Perhaps the most memorable thing was the immersive recreation of of an open-roofed yogini temple, complete with sound effects (you can find the video at the end of this page). As well as catching something of the beautiful terror of the yogini/dakini (see also David Chapman’s Buddhism for Vampires), it seemed to point most directly to the communities that innovated and incubated tantra. It was these transgressive practices and ideas which later found such vivid expression in the art and material forms that comprised the rest of the exhibition.
Last year in the middle of the first lockdown I wrote about the process of learning, the difficulty of actually getting started, and the need for communities of practice. I didn’t really express it in that piece, but losing my physical communities of practice, especially for music making, was one of the most difficult parts of last year. The various virtual substitutes offered something, and even had a few advantages, but there was still a great lack. The occasional foray back into live music-making has often been almost surprisingly emotional; it viscerally engages something that is nearly impossible over the internet.
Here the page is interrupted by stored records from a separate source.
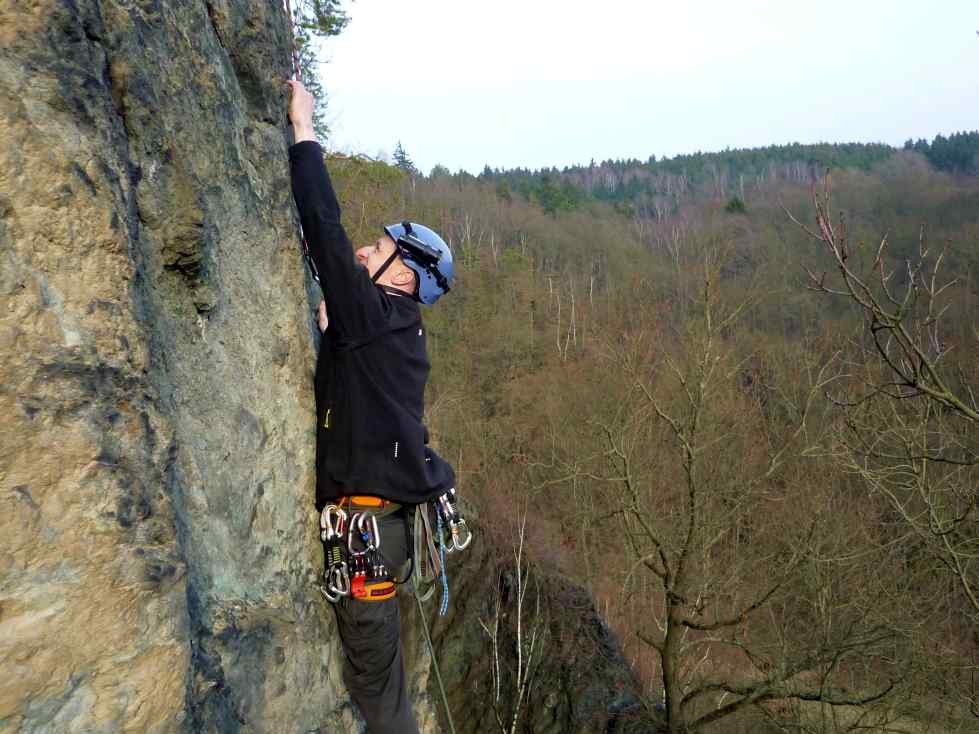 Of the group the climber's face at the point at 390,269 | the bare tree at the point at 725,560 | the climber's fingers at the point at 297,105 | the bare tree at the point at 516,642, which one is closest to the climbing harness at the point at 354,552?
the climber's face at the point at 390,269

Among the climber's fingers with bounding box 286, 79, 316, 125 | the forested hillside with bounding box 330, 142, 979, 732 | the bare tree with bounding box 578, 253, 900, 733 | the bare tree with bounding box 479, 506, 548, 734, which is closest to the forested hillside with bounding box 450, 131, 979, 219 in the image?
the forested hillside with bounding box 330, 142, 979, 732

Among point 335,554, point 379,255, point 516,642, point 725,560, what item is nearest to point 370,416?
point 335,554

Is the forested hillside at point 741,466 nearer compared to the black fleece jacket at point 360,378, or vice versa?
the black fleece jacket at point 360,378

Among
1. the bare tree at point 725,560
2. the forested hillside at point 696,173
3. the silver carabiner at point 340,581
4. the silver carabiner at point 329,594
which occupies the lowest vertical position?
the bare tree at point 725,560

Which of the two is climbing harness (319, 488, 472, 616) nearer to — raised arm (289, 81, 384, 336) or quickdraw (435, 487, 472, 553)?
quickdraw (435, 487, 472, 553)

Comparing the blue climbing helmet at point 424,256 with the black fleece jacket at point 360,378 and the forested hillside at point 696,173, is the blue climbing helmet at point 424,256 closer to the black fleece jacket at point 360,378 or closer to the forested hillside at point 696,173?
the black fleece jacket at point 360,378

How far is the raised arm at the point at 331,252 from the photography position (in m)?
2.73

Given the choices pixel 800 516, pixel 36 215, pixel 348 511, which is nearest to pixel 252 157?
pixel 36 215

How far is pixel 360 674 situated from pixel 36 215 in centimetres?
212

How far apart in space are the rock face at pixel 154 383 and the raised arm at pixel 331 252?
162 millimetres

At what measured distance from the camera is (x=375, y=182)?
17.3 meters

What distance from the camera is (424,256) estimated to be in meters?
3.02

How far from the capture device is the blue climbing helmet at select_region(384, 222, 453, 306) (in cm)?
299

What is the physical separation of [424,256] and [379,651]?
1609mm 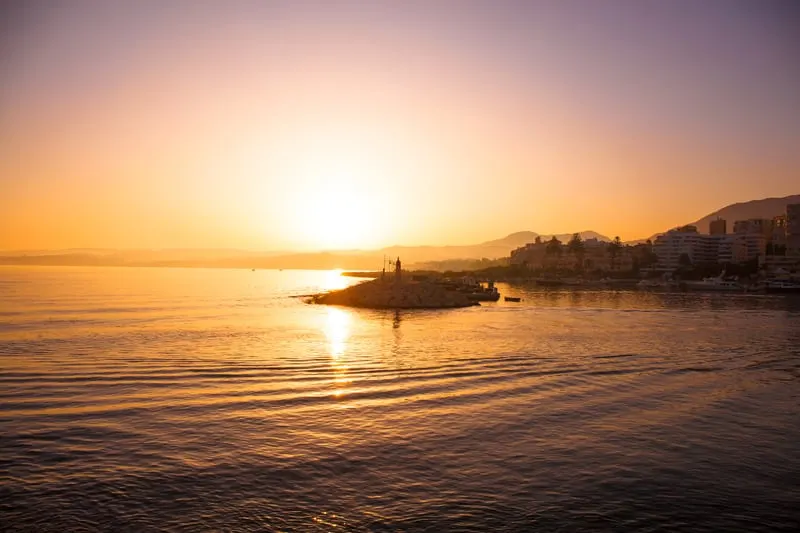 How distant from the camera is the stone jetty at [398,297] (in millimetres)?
92438

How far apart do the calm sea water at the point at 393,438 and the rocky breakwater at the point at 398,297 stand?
52578 millimetres

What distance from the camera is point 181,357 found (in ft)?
113

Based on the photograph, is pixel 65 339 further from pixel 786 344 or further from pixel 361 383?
pixel 786 344

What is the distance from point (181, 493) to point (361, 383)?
14.3 metres

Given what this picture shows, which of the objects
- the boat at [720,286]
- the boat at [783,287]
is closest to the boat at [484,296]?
the boat at [720,286]

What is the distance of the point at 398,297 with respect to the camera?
9344 centimetres

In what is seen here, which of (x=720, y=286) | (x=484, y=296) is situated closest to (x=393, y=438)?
(x=484, y=296)

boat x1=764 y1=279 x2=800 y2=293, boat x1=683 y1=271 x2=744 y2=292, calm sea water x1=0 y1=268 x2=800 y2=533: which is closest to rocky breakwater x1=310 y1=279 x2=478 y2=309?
calm sea water x1=0 y1=268 x2=800 y2=533

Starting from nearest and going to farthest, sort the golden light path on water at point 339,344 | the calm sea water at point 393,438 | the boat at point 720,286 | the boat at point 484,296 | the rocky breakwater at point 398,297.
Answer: the calm sea water at point 393,438 → the golden light path on water at point 339,344 → the rocky breakwater at point 398,297 → the boat at point 484,296 → the boat at point 720,286

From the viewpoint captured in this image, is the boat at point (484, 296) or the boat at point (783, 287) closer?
the boat at point (484, 296)

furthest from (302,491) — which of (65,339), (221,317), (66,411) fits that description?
(221,317)

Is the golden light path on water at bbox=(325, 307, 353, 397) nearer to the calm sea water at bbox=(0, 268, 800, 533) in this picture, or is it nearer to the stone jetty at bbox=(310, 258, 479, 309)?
the calm sea water at bbox=(0, 268, 800, 533)

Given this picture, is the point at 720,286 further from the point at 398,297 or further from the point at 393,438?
the point at 393,438

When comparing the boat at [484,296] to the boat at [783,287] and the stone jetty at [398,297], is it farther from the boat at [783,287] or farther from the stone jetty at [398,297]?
the boat at [783,287] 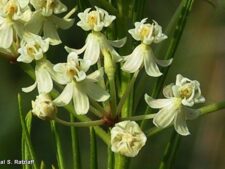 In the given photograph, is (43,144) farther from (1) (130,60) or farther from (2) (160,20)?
(1) (130,60)

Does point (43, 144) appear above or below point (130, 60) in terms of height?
below

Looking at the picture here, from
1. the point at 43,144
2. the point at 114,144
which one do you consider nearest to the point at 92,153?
the point at 114,144

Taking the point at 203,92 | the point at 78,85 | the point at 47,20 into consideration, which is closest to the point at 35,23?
the point at 47,20

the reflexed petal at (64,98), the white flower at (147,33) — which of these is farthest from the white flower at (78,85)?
the white flower at (147,33)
This engagement is part of what appeals to me about tantra, and something that I’m really looking for in my spiritual practice too. Tantric practice signifies a commitment to engage with the world in all its messiness and complexity, using desire and other such ‘unwholesome’ states as fuel for transformation. Sutric Buddhism on the other hand is grounded in the principle of renunciation, disengaging so as to avoid falling into desire, anger, etc (n.b. this is an over-simplification!).
So much modern discourse around modern life, especially in the spiritual space, seems to encourage us to simplify, reduce our mental load, dive into deep work, Waldenponding or new monasticisms. Maybe to some extent you can try reducing the number of things you need to think about to match your personal bandwidth. But in the long run, aside from us all being dead, it seems to me that it might be more satisfying to see if I can expand my bandwidth instead, and thrive in the partly managed chaos of the everyday.
The Logbook
I really loved this thing on Movement Radio called The Sonic Reader, reading from Simon Reynolds’ Energy Flash while playing contemporary bits of jungle tunes and pirate radio ads.
I’ve also been enjoying this bouncy, bright EP by Two Shell, on Livity Sound.
I can thoroughly recommend Lucy Keer’s Speedrun on Sensemaking if you also feel in need of a primer on where the word came from.
For more links I’ve been doing occasional commonplace updates over on Tumblr.
And wasn’t that boat getting stuck fun? “And maybe the boat can stay stuck for just a minute, so I can keep on cherishing a situation that makes sense.”